At a joint news conference with visiting Japanese Prime Minister Shinzo Abe on Wednesday, President Donald Trump said the United States is “fighting very diligently” to secure the freedom of three Americans held by North Korea.
A senior administration official confirmed that CIA Director and Secretary of State nominee Mike Pompeo discussed the issue with North Korean dictator Kim Jong-un during their secret meeting over Easter weekend.
“I think there’s a good chance of doing it. We’re having very good dialogue,” Trump said.
The president said during the same press conference that he is prepared to “respectfully leave the meeting” with Kim if his summit with the North Korean leader is not “fruitful.” He did not specify whether the fate of the imprisoned Americans could be a deal-breaker.

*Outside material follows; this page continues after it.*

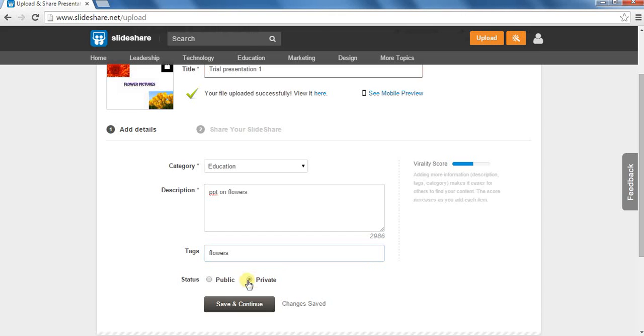We are now done with adding the required details about the uploaded presentation. To save the uploaded material, click on Save and Continue.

Trump also promised to work for the freedom of Japanese citizens abducted by North Korea, saying their fate is “one of the truly most important things on Shinzo’s mind.”

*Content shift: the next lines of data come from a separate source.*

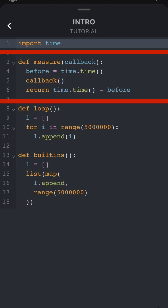We also have a measure function which calls another function while measuring the time it takes to run and then returns that time.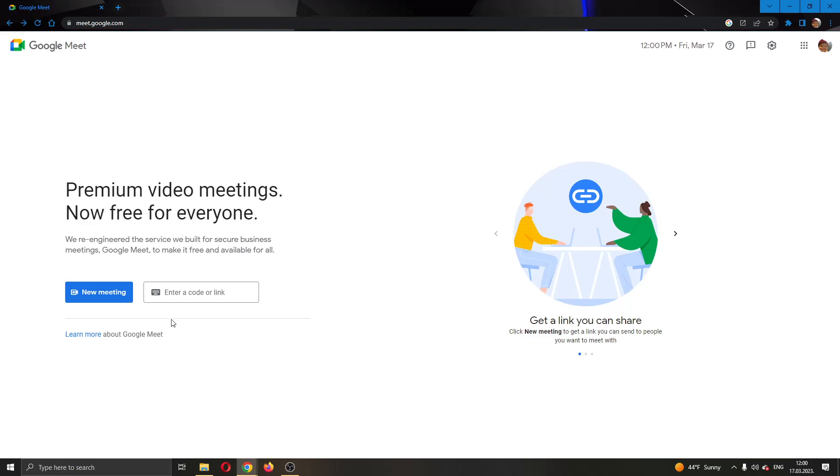If you want to join somebody else's meeting, all you have to do is go ahead and paste the code or link that they have sent you right here. After that, just go ahead and click the join button that will appear right here, and after that you'll successfully join your meeting.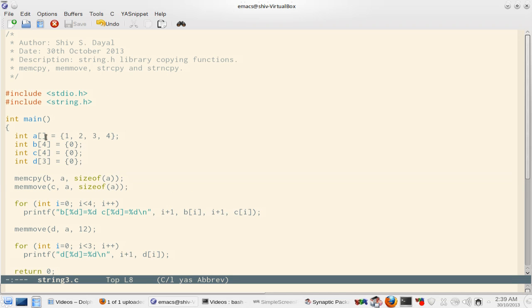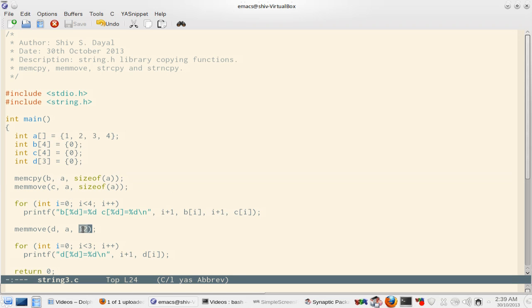So now I have created an int array of four elements, and then I have b, c, and d. b and c are four elements, while d is only three elements. Now I do a memcpy from a to b and then memmove a to c, and the size is sizeof(a). Then I print b and c. This is 12 bytes because I know integer size is 3 or 4 bytes on my system.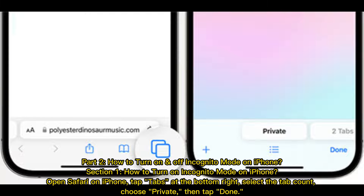Part two: how to turn on and off incognito mode on iPhone. Section one: how to turn on incognito mode on iPhone. Open Safari on iPhone, tap Tabs at the bottom right, select the tab count, choose Private, then tap Done.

The North Koreans have admitted to kidnapping 13 Japanese citizens, of whom five have been returned to Japan, while eight others died in captivity. Japan says four more of its citizens remain unaccounted for.
The three Americans still held by North Korea after the release and subsequent death of college student Otto Warmbier in June 2017 include Tony Kim and Kim Hak-song, both teachers at the unusual Christian-founded private school known as the Pyongyang University of Science and Technology, and Kim Dong-chul, who has been described as a Christian missionary.

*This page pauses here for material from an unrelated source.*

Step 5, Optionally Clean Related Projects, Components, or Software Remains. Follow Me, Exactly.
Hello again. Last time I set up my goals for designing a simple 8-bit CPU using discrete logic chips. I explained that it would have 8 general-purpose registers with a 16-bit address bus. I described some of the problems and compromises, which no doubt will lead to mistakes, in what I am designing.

Kim Dong-chul has been in captivity the longest since his arrest in October 2015. The North Koreans forced him to make a confession in which he claimed to be a paid espionage agent working for the South Korean government. Kim Hak-song and Tony Kim were vaguely charged with working to undermine the North Korean state.
Former Amnesty International executive Frank Jannuzi, who has experience working with North Korean diplomats, told the UK Express in March that he would “not be surprised” if North Korea released the three American prisoners as a goodwill gesture ahead of the Trump-Kim summit.
“The North Koreans have studied Donald Trump very carefully since he was elected in 2016. We have to remember that these three are of no strategic relevance at all. They know that to release them would allow him to claim a victory. It would put him in a good mood, basically,” Jannuzi contended.
Former Deputy Assistant Secretary of Defense for East Asia Abraham Denmark, now director of the Asia program at the Wilson International Center for Scholars, told Germany’s Deutsche Welle on Wednesday that he was mildly surprised Pompeo did not return from his Easter meeting with the three captive Americans in tow.
“I believe that it is impossible to negotiate with North Korea while there are American prisoners in the country. I believe releasing them in relatively good condition should be a precondition for talks. It is unclear how the administration is approaching this,” Denmark said.